Embedding-Aware Quantum-Classical SVMs for Scalable Quantum Machine Learning
This provides a practical pathway for scalable quantum machine learning that leverages modern neural architectures, addressing a bottleneck for researchers in quantum ML.
The paper tackles scalability challenges in Quantum Support Vector Machines by proposing an embedding-aware quantum-classical pipeline that combines class-balanced k-means distillation with pretrained Vision Transformer embeddings, achieving up to 8.02% accuracy improvement over classical SVMs on Fashion-MNIST and 4.42% on MNIST.

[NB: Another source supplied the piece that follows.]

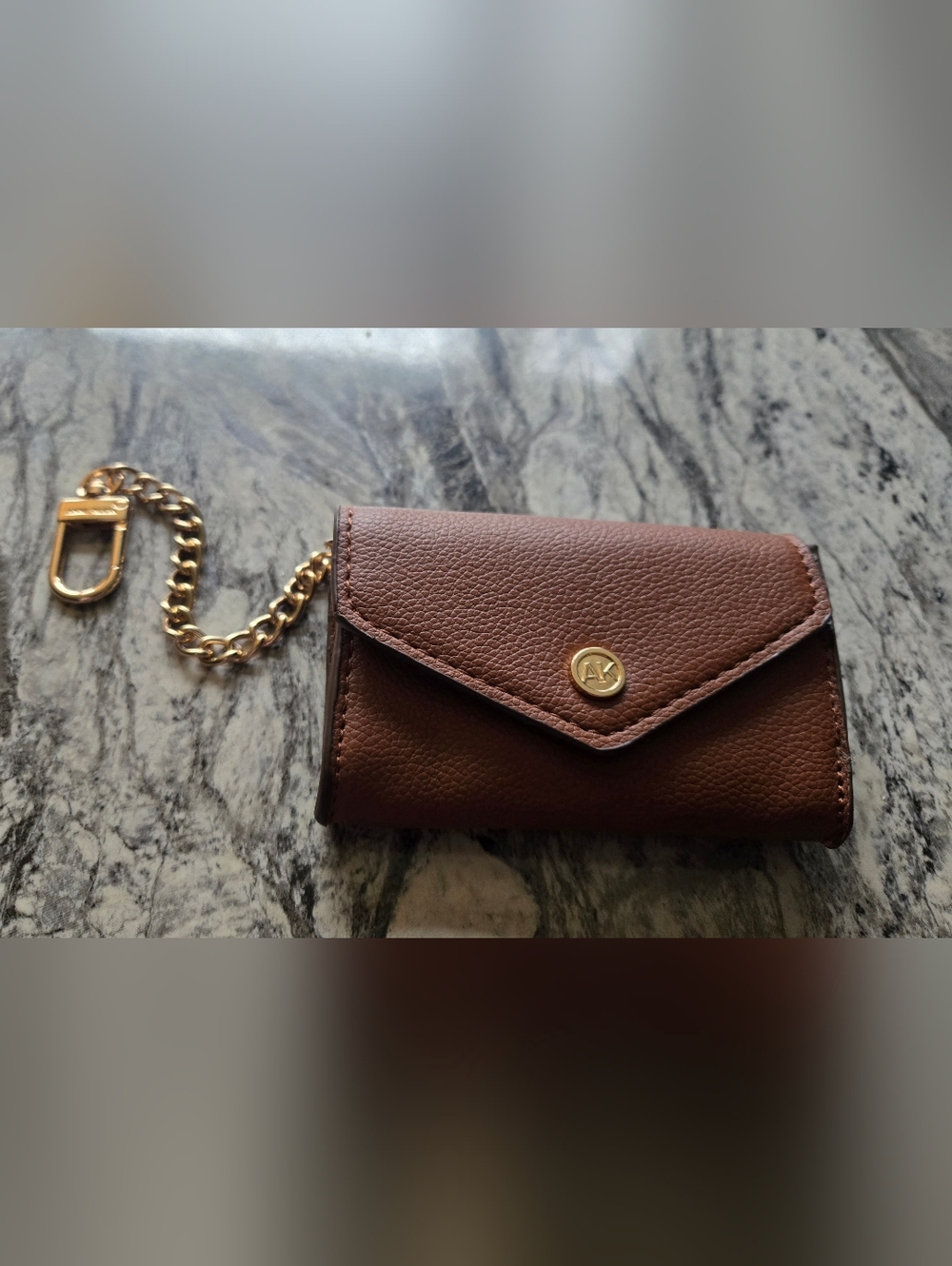 Anne Klein Mini Wallet Brown With Gold Accent Chain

Quantum Support Vector Machines face scalability challenges due to high-dimensional quantum states and hardware limitations. We propose an embedding-aware quantum-classical pipeline combining class-balanced k-means distillation with pretrained Vision Transformer embeddings. Our key finding: ViT embeddings uniquely enable quantum advantage, achieving up to 8.02% accuracy improvements over classical SVMs on Fashion-MNIST and 4.42% on MNIST, while CNN features show performance degradation. Using 16-qubit tensor network simulation via cuTensorNet, we provide the first systematic evidence that quantum kernel advantage depends critically on embedding choice, revealing fundamental synergy between transformer attention and quantum feature spaces. This provides a practical pathway for scalable quantum machine learning that leverages modern neural architectures.